Innovative techniques to study the genetics of autism
The application of innovative techniques combined with techniques for in vivo monitoring of neural activity is essential to better understand the mechanisms involved in autism. In this context, neuronal activity was evaluated under a high-resolution microscope thanks to a collaboration with the Institute of Photonic Sciences (ICFO).
“Thanks to the CRISPR technique, gene editing is possible, and it is possible to obtain genetically defective fish relatively quickly and easily. The new whole brain imaging technique allows us to study in vivo l activity of all neurons in the brain individually – which is not possible with other techniques or animal models – and to improve our knowledge of neuronal circuits during development and their assignment in psychiatric disorders”, notes the research team.
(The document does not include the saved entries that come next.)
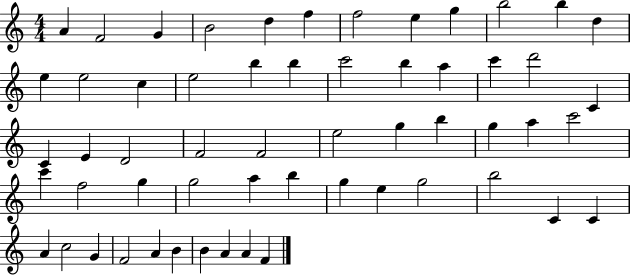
X:1
T:Untitled
M:4/4
L:1/4
K:C
A F2 G B2 d f f2 e g b2 b d e e2 c e2 b b c'2 b a c' d'2 C C E D2 F2 F2 e2 g b g a c'2 c' f2 g g2 a b g e g2 b2 C C A c2 G F2 A B B A A F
From an evolutionary point of view, the analyzes carried out by UB professor Jordi Garcia-Fernàndez have confirmed that the ywhaz The zebrafish gene is the ortholog of YWHAZ gene in humans (i.e. they share a common ancestor and diverged through a process of speciation). The fact that this gene was not duplicated in the genome of teleosts – the group to which zebrafish belong – made it possible to use ywhaz zebrafish deficiency as a model to study the function of ywhaz and its involvement in neurodevelopment.
The study received funding from the Spanish Ministry of Science, Innovation and Universities and Horizon 2020 (H2020), the European Union’s framework program for research and innovation for the period 2014- 2020.